One might say, "just live with the 504s!"

However, the actual problem is that in my production setup, I have CloudFlare between user and Elastic Beanstalk ELB. CloudFlare is set to aggressively cache .css and .js files, since I append md5 hashes to static file URLs. When requests for these important files fail with 504, CloudFlare appears to cache these failures as being 404s. Further requests for these files 404, thus breaking the visual styling of the site on every deploy.

Deploying the Elastic Beanstalk app again with the same app version will fix the CloudFlare 404 problem. This is not a great solution. I want to keep on using CloudFlare because it makes for an excellent transparent CDN, so getting rid of it is not a solution, either.

It's hard to believe I'm alone with this issue, but Google, stackoverflow/serverfault, and the AWS forums have not yielded any solutions—or even similar problem reports. I am hoping that my description of this behavior rings a bell with someone here. Thanks in advance.


Solution 1:

I had exactly the same problem which I really think is a bug with the Beanstalk deployer.

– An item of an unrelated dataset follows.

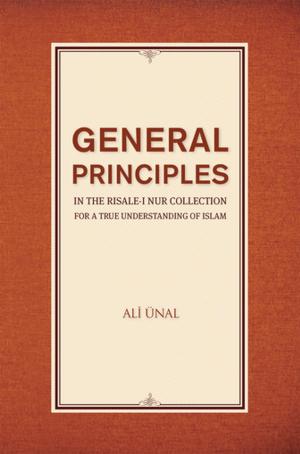 Cover of the book General Principles in the Risale-i Nur Collection for a True Understanding of Islam by Nursi
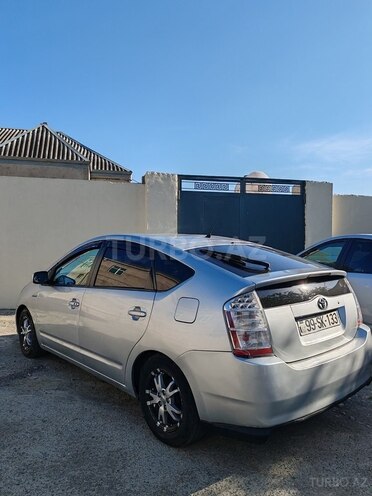Toyota Prius 2007, 492,459 km - 1.5 l - Bakı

I was using a "Rolling" deployment policy with 2 instances and batch size of 1, which should give zero downtime in theory. However in reality, during a deployment there is still a period of about 10 - 15 seconds where the ELB responds with 504.

Take a look at your "Update and Deployments" settings in your beanstalk configuration. I found that changing to "Rolling with additional batch" and using a batch size of 100% works well and gives zero downtime during an update.

Update October 2018 - I don't know how long it's been working for but Elastic Beanstalk rolling updates now works properly again with zero downtime for me.